A brief history of LA's $1 billion 'mountain,' from being scoped out by Jeff Bezos in 2019 to being seized by the Feds

  • Feds have moved to seize "The Mountain," a 157-acre property at the highest peak in Beverly Hills, California, reported NBC Los Angeles.
  • The property was originally listed for $1 billion, before receiving a massive $350 million price chop and eventually selling for just $100,000.
  • The Mountain was allegedly purchased with embezzled funds by ex-Kuwaiti officials, according to NBC Los Angeles.
  • The property is big enough to fit the Disneyland and Disney California Adventure theme parks, with 1.5 million square feet of lots ready to be built upon.
  • Visit Business Insider's homepage for more stories.

Federal authorities have moved to seize the 157-acre mountain that sits at the highest peak in Beverly Hills, California, reported NBC Los Angeles.

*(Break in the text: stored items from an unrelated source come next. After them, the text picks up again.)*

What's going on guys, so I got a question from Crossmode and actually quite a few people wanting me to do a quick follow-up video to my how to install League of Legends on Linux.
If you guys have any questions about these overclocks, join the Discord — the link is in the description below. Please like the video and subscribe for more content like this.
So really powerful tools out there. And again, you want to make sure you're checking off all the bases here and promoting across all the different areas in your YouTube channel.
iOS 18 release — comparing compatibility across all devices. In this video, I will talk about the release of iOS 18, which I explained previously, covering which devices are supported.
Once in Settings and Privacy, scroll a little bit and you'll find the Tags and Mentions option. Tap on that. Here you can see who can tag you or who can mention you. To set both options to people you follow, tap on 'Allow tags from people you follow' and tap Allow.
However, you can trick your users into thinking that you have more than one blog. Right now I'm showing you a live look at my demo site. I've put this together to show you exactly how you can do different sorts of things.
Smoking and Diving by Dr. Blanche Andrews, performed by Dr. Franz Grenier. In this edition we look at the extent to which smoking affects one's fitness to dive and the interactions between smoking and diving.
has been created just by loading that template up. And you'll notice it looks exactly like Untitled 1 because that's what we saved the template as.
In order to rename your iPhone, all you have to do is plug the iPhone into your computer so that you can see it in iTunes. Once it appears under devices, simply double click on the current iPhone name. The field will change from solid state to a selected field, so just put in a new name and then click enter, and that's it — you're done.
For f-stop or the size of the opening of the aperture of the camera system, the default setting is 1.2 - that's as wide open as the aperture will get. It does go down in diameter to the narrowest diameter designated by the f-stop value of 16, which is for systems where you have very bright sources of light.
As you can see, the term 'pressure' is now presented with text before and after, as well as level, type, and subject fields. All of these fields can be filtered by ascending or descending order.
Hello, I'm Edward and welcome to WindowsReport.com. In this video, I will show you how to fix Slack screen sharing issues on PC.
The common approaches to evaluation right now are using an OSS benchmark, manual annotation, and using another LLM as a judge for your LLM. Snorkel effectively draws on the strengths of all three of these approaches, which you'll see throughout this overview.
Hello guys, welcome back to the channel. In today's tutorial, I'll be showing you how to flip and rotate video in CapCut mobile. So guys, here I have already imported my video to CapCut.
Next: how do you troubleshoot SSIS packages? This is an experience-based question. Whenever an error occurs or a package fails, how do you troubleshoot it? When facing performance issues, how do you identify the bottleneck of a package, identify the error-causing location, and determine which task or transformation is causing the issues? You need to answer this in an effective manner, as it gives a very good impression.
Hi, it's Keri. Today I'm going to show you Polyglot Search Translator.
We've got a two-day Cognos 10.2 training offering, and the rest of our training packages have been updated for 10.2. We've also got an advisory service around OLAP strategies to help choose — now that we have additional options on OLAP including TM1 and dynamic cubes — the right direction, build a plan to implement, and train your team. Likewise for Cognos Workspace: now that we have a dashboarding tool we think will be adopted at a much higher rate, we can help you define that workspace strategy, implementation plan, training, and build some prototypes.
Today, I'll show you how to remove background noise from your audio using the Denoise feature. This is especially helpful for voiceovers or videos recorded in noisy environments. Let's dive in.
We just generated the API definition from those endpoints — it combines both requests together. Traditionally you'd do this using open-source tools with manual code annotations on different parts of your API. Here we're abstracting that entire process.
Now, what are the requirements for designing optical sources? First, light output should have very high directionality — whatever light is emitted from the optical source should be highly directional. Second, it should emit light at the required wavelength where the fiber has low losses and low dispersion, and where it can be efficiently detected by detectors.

The property, which towers over Los Angeles, sold at a foreclosure auction for $100,000 in August 2019 after bouncing around the market for years. Originally listed for $1 billion, it received a whopping $350 million price chop in February 2019, boasting a diminished — but still significant — $650 million price tag. 

But at least part of the funds that paid for "The Mountain" were allegedly embezzled by ex-Kuwaiti officials, according to NBC Los Angeles. The ex-officials allegedly transferred over $100 million of Kuwaiti public funds into bank accounts opened through the defense ministry's London office under the pretense that some of these transfers were for military purposes, according to court filings.

In reality, the funds were actually transferred to "California entities," per the filings. They were then put toward The Mountain, as well as other real estate, a private jet, a yacht, and additional assets. US prosecutors are hoping to recover at least $104 million.

At the time of the purchase, court filings showed there is $200 million worth of debt on the property, reported The Wall Street Journal's Katherine Clarke, partly because of late fees and interest. No other bidders showed up at the auction, as they would have had to pay the debt, Ronald Richards, a lawyer representing one of the former owners, told The Journal.

Read on for a closer look at the sprawling property, its history, and what owners could do with the land.

Located off Benedict Canyon, "The Mountain" overlooks Los Angeles. At 157 acres, the plot is "the size of a small city" that can fit all of Disneyland and still have 72 acres left.

"The Mountain" has an intriguing history, having passed through many famous and wealthy hands. According to the Los Angeles Times, it was once owned by an Iranian princess, the talk-show host and TV producer Merv Griffin, and a nutrition mogul, all of whom held the land but never built anything on it.

The property has bounced around the market for decades, with various potential deals that never went through, Clarke reported. Sources familiar with the deals told her Tom Cruise put down a deposit for the property in the mid-2000s. More recently, Amazon CEO Jeff Bezos looked to invest in the property but found it overpriced, she reported.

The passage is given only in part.